With increasing research on the molecular mechanism of BRAF mutations, the idea of selecting a drug therapy based on the functional typing of BRAF mutations is increasingly being accepted. At present, clinical studies have mostly focused on V600E mutations given their high incidence, whereas relatively little attention has been paid to non-V600E mutations. A multicenter, retrospective study classified non-V600E BRAF mutations into different functional types based on signaling mechanisms and kinase activity: activated and RAS independent (Class 2) versus kinase-impaired and RAS dependent (Class 3) [64]. Class 2 BRAF-mutated mCRCs (n = 12) rarely responded to EGFR antibody therapy, whereas most Class 3 BRAF-mutated mCRCs (n = 28) responded to EGFR antibody therapy. Thus, EGFR monoclonal antibody therapy should be considered for CRC patients with Class 3 BRAF mutations.

6. Conclusions and Future Perspectives

BRAF mutation plays an important role in the development of CRC. V600E is a common and unique molecular subtype and accounts for approximately 80–90% of BRAF gene mutations. According to recent studies, BRAF mutations, and in particular the V600E subtype, predict poor outcomes in CRLM patients after hepatectomy and are associated with poorer OS and DFS. In fact, several studies have suggested that the OS of patients with resectable CRLM with BRAF mutations is as poor as that of patients with unresectable liver metastases. In addition, patients with BRAF V600E-mutated CRLM after metastasectomy are prone to early and high rates of recurrence that occur mostly within one year after surgical resection. However, other studies have suggested that the OS of patients with BRAF mutations after surgical resection is superior to that of patients undergoing systemic treatment, particularly for patients with non-V600E mutations. Thus, it remains unclear whether BRAF mutation and the V600E subtype should constitute a biologic contraindication.
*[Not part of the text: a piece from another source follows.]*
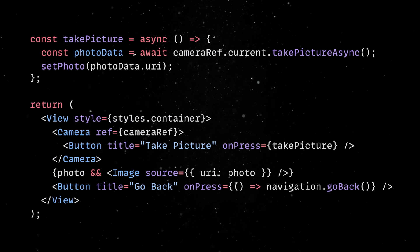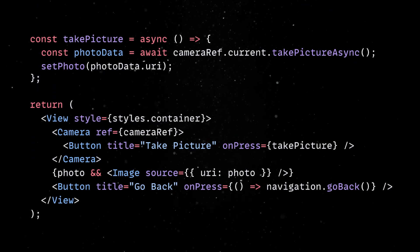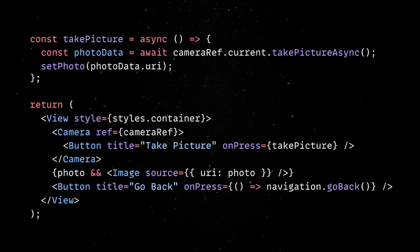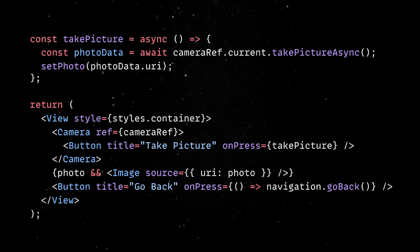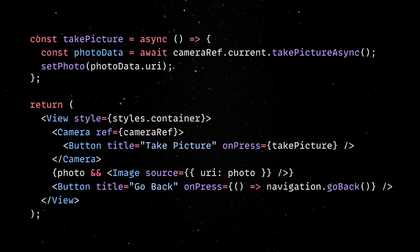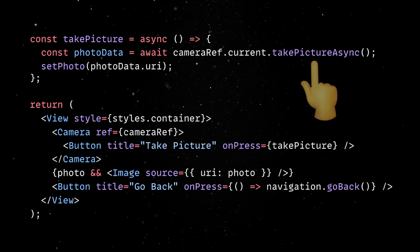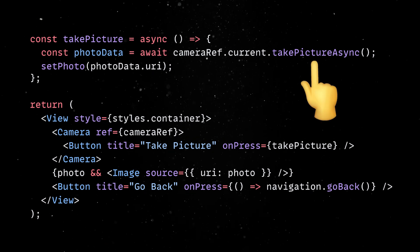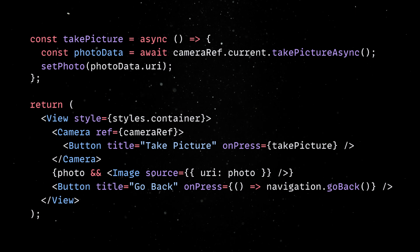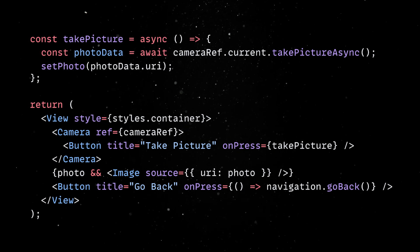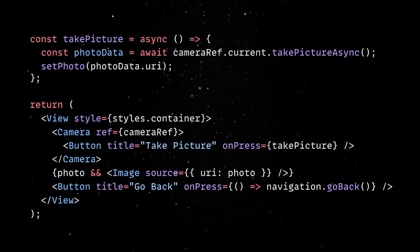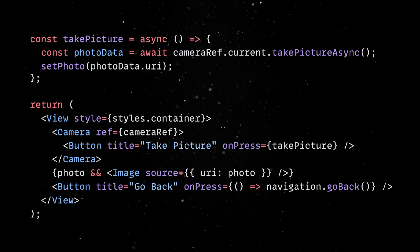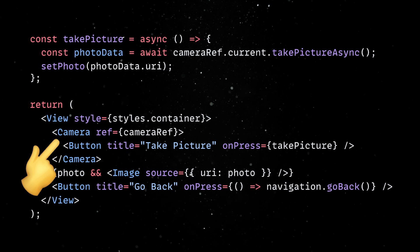If the user denies permission, we display a simple message explaining that the app cannot proceed without it. But if the permission is granted, we initialize the camera component and provide them with the live camera feed. This seamless experience is one of React Native's key strengths, handling complex native functionality with just a few lines of JavaScript.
The FOLFOXIRI regimen (oxaliplatin + irinotecan + folate + fluorouracil) combined with bevacizumab remains the first-line treatment for BRAF-mutated mCRC. The safety, tolerability, and efficacy of triple therapy with BRAF, MEK, and EGFR inhibitors have been verified. However, the toxicity of triple therapy is still high and requires close clinical attention. Of note, the third class of RAS-dependent mutations in V600E BRAF responded well to monoclonal antibodies against EGFR. Thus, the early identification of such patients is particularly important for clinical decisions.